**Problem**
Your output consists solely of the lines from the one that contains "Newburgh Lightweight Sweatshirt - Tan/Black" to the end of the material, each reproduced exactly; pictures do not belong in it.

**Data section**
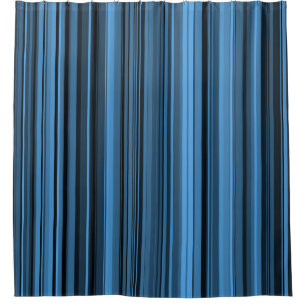 Cortina De Ducha Bandas negras azules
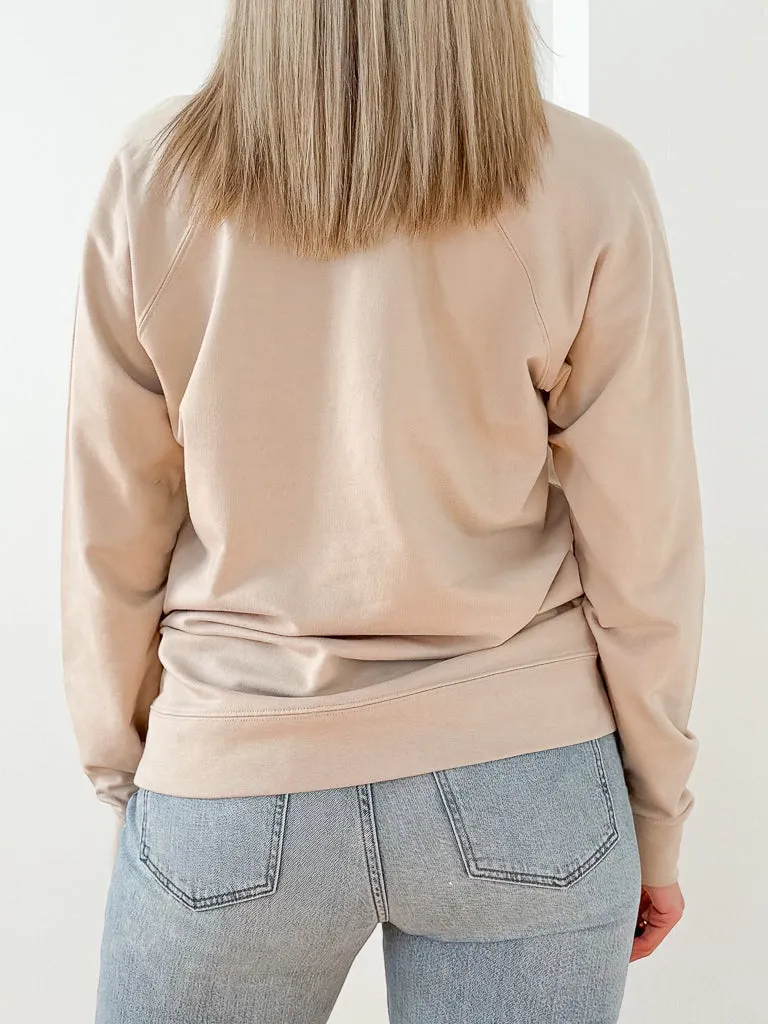 Newburgh Lightweight Sweatshirt - Tan/Black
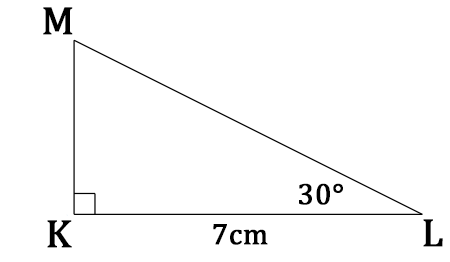 exemple triangle rectangle et cosinus d'un angle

**Solution**
 Newburgh Lightweight Sweatshirt - Tan/Black
 exemple triangle rectangle et cosinus d'un angle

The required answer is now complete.